An Inspector General report obtained by Nextgov and covering the period 2010 to November 2013 shows that likely foreign operatives, potentially state-sponsored, launched 17 compromise attempts.

One such apparently involved phishing emails sent to 215 employees urging them to verify log-in account details by clicking on a link.

The IG’s Cyber Crime Unit is said to have tracked the attacker down to an unnamed “foreign country”.

Although 12 employees fell for the scam, the NRC “cleaned their systems and changed their user profiles”, according to spokesman David McIntyre.

Another attack involved spearphishing emails containing a malicious link to a Microsoft Skydrive site loaded with malware.

That attack is said to have resulted in one compromise and was also traced back to a foreign nation.

Finally, the report details a case where attackers managed to infiltrate the email account of an NRC employee and sent malicious attachments in messages to the victim’s colleagues.

McIntyre played down the incidents.

“The NRC’s computer security office detects and thwarts the vast majority of such attempts, through a strong firewall and reporting by NRC employees," he told Nextgov.

"The few attempts documented in the OIG cyber crimes unit report as gaining some access to NRC networks were detected and appropriate measures were taken."

However, the incidents do highlight the continued risks facing organizations in critical national infrastructure industries.

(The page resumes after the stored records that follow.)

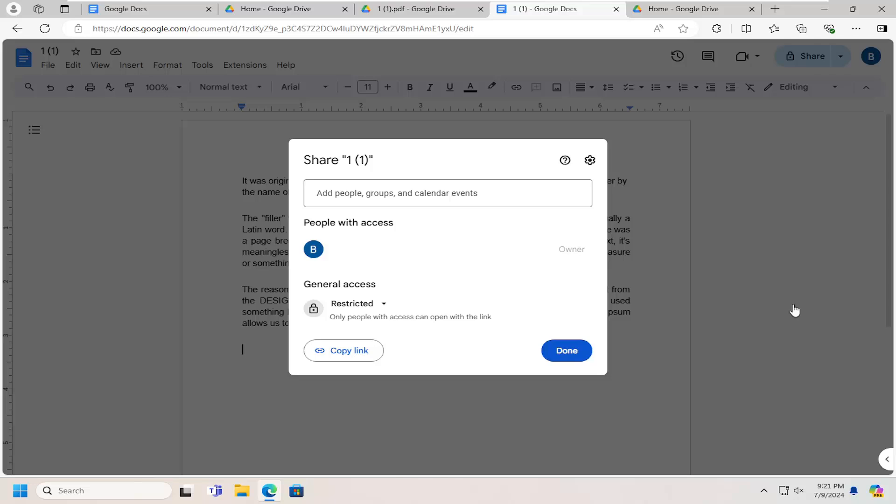Pretty straightforward process. If you have any users you want to remove, just select their name (assuming they're not the owner), click the three dot icon next to it, and delete them.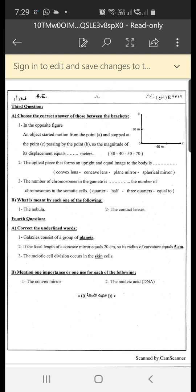Number two: the optical piece that forms an upright, equal image of the body. The answer is a plane mirror — only the plane mirror makes an upright and equal image.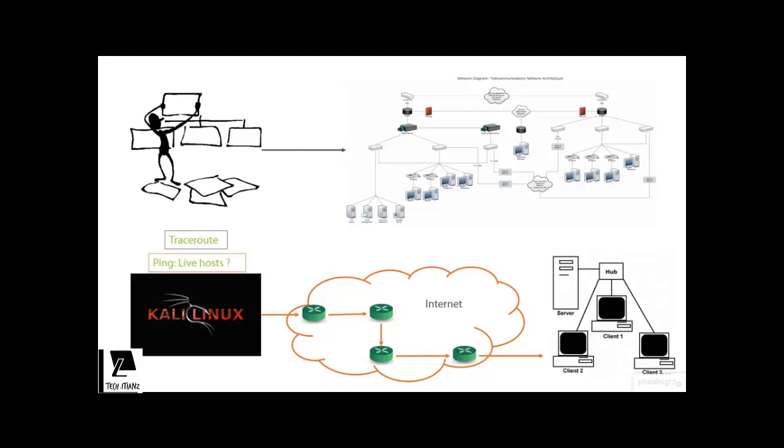Next, we will run a ping sweep against our target network. In fact, we are going to ask our target network to look for any live hosts.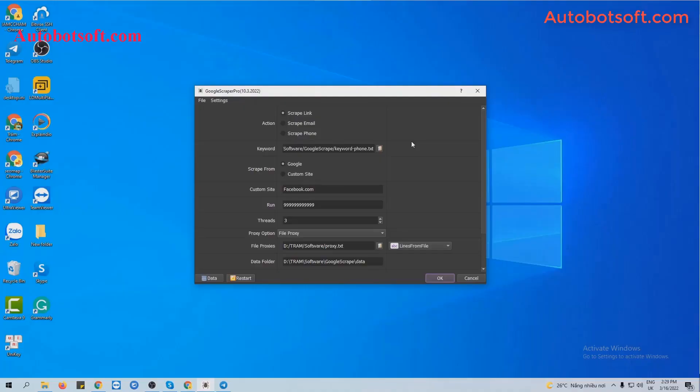When you buy Google's Scraper software, we will provide you with the server link. Please download the software and you will receive it in a compressed format. Extract the compressed format and you will receive the Google Scraper folder.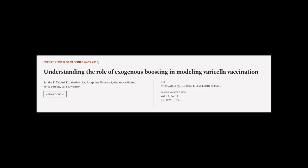This article was authored by Sandra E. Talberg, Elizabeth M. La, Josephine Morskopf, and others.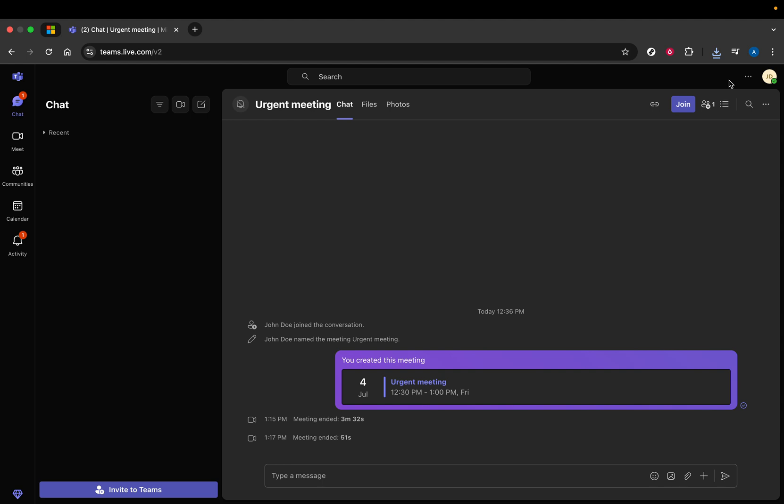First, you'll want to navigate over to teams.microsoft.com. Ensure you're logged in with your Microsoft account. If you're not, take a moment to sign in. This ensures that you're accessing the correct account and making changes that will reflect across all your Microsoft services.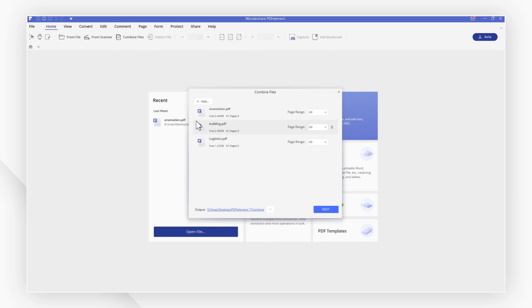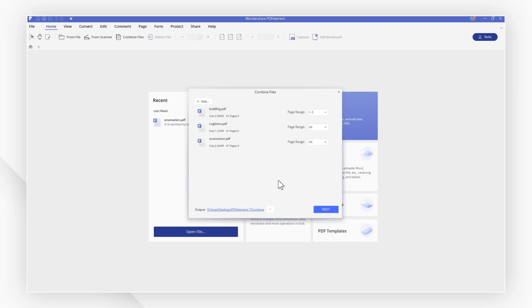You can drag them to rearrange the file order, like this, select a specific page range of a file, or delete one of the files.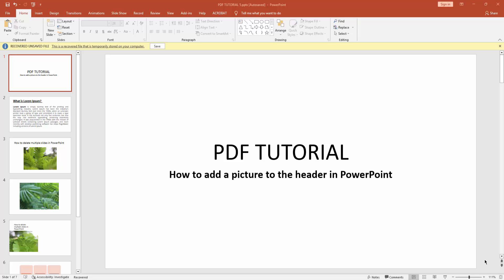Hello everyone, welcome back to my another video. In this video I am going to show you how to add a picture to the header in Microsoft PowerPoint. Let's get started.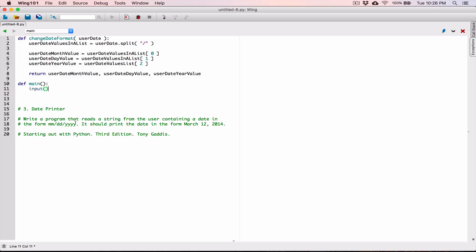I'm going to call the input function because the program said to write a program that reads a string from the user containing a date in this form. We need to ask the user to type in that date, so I'm going to use an input function. The input function takes a couple of arguments — it takes what you want to display as a prompt to the user as a string. I'm going to display this message: please enter a date in the form MM/DD/YYYY.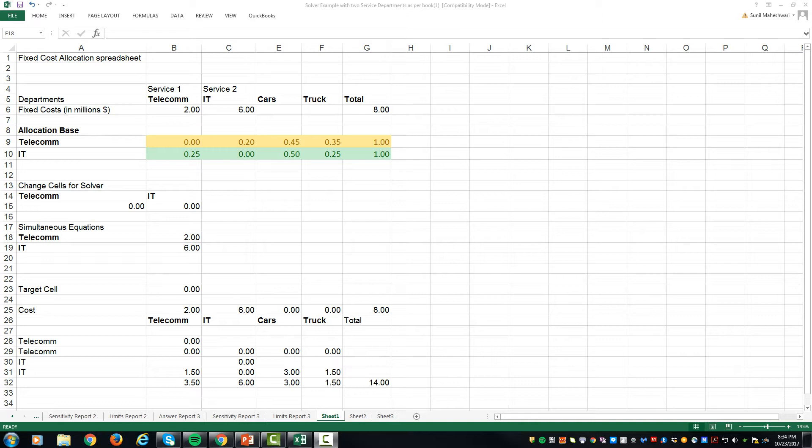Let's assume that telecom renders zero percent of services to itself, 20 percent of its services to IT, 45 percent of its services to car, and 35 percent of its services to truck. Similarly, IT renders 25 percent of services to the telecom department, 50 percent to cars, and 25 percent to truck. This is generally the basic data which is given to you, or you might have to compute this ratio for the services depending upon the cost driver or the allocation base that is in use.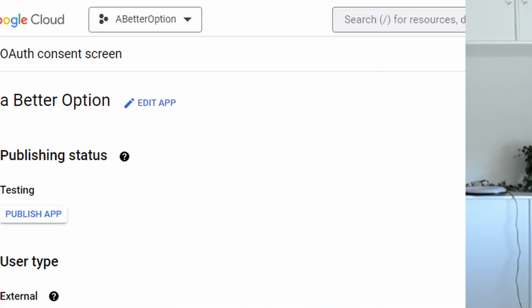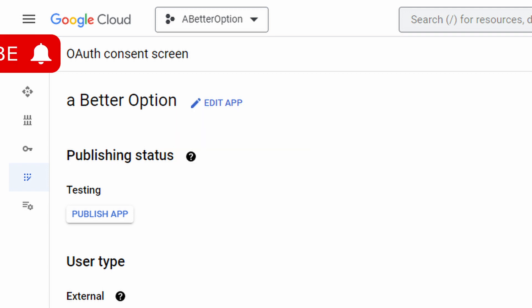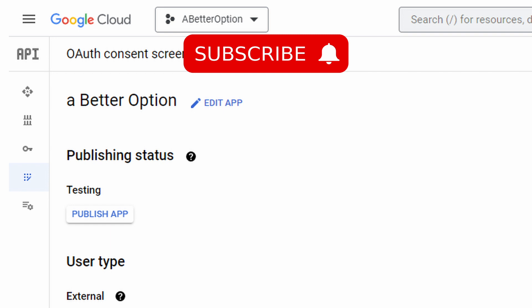This may surprise you, but you don't need to verify your app to get a long-lived refresh token. All you need to do is set your app in production. By simply clicking this button on the consent screen, your app will be in production and any refresh tokens created by your app after that will be long-lived and no longer expire after seven days.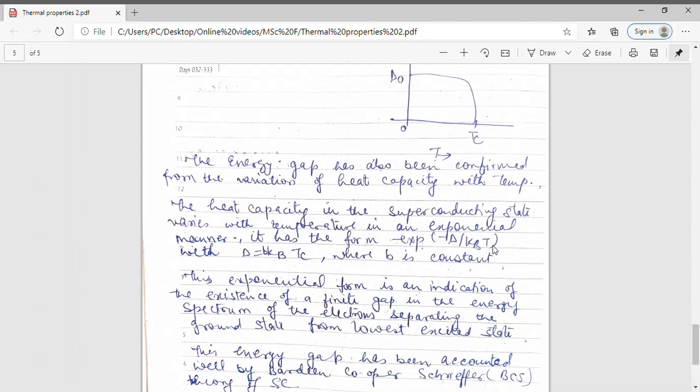These are the important thermal properties of superconductors. Superconductors have behavior that is completely different below Tc and above Tc, because the nature of the material is totally different. A single temperature — the critical temperature Tc — differentiates between the normal material above Tc and the superconductor below Tc. I hope you understood what I taught you today. Thank you students for watching.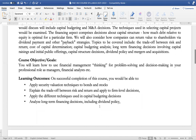The objective of the course is to equip students to be able to use financial management thinking for problem solving and decision making in their professional roles as managers, financial analysts, etc. In terms of the learning outcomes, upon successful completion of this course, students should be able to apply security valuation techniques to bonds and stocks.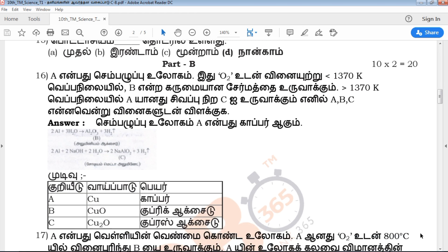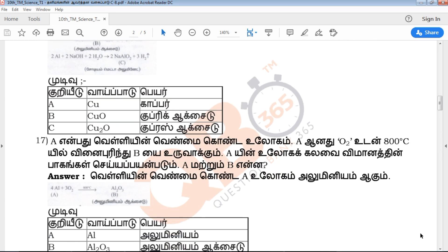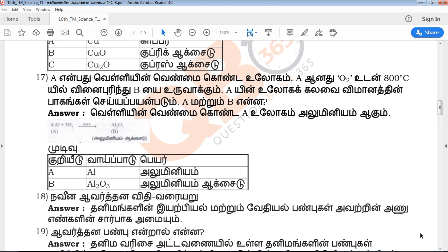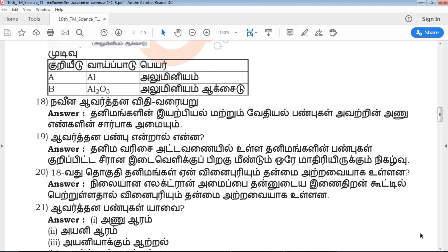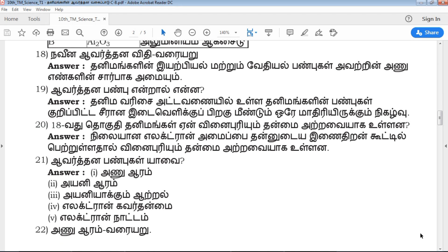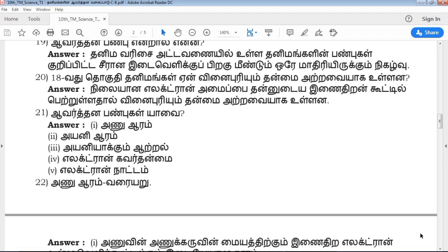Next, Part B: 10 questions of 2 marks each, with key answers. We will talk about the key answers. For example, question number 21 — you are aware of the answers you want, and you can write answers in 5 lines.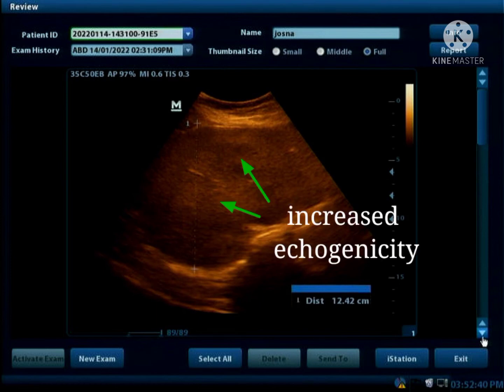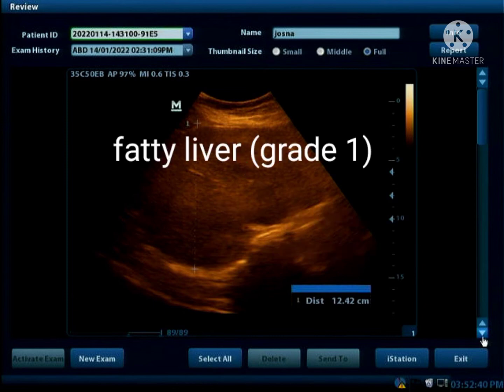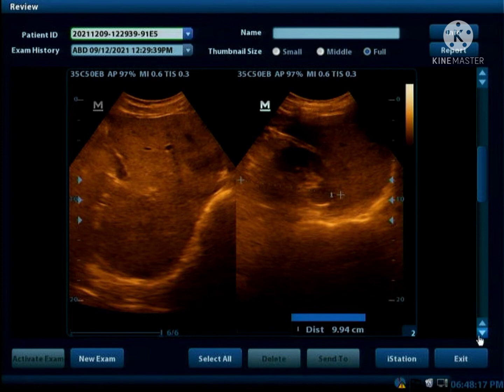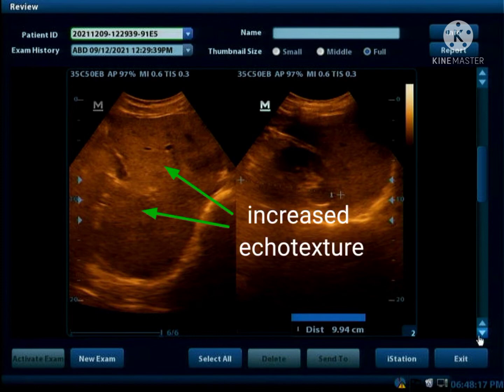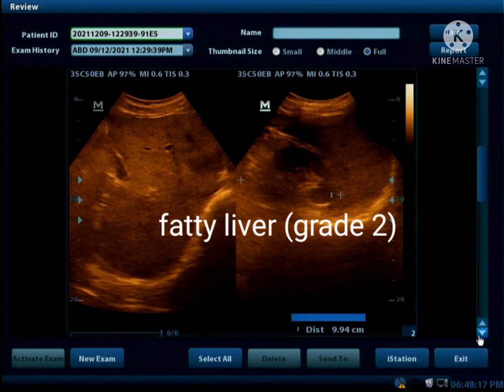Here we can see that the liver echo texture is mildly increased. Here the liver parenchyma is moderately hyperechoic and the vessels are not well visualized, so this is a Grade 2 fatty liver.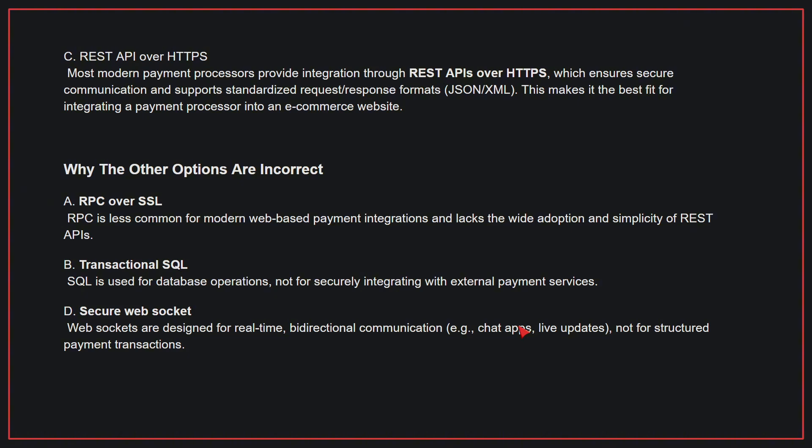Why the other options are incorrect: A, RPC over SSL—RPC is less common for modern web-based payment integrations and lacks the wide adoption and simplicity of REST APIs. B, transactional SQL is used for database operations, not for securely integrating with external payment services. D, secure web sockets are designed for real-time, bi-directional communication, not for structured payment transactions. Therefore, the correct answer is C.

The NRC apparently holds information on the location and inventories of nuclear plants around the US, as well as which facilities handle weapons-grade materials.

Charles Sweeney, CEO of Bloxx, argued that the case proves CNI firms must have a robust, holistic security policy.

“The examples cited yet again underline the importance of ensuring employees are cyber crime savvy and rather than blindly clicking on links, think ‘hang on a minute, this doesn’t look right’,” he told Infosecurity.

“The techniques being employed are some of the oldest tricks in the book – and people are still falling for them.” Jason Steer, director of technology strategy at FireEye, claimed that energy and utilities companies are among the top eight industries targeted globally.

“Many CNI organizations underestimate the risk from cyber given that they have built what they consider to be a resilient, secure, best of breed layered network over the past 10 years and assume they are secure,” he told Infosecurity by email.

“The reality is that they don't have the right technology that could tell them of a breach.”

Apart from  user awareness training and bringing in technology to identify APT activity, he urged security bosses to assume that their organization may already have been hit.

“Establish a cyber risk framework that enables the business with board level sponsorship to drive through changes and capabilities to mitigate the risk from a cyber attack,” Steer added.

“Also establish an incident response/management service in a SOC/CIRT team to be able to detect and react to an APT event in minutes or hours.”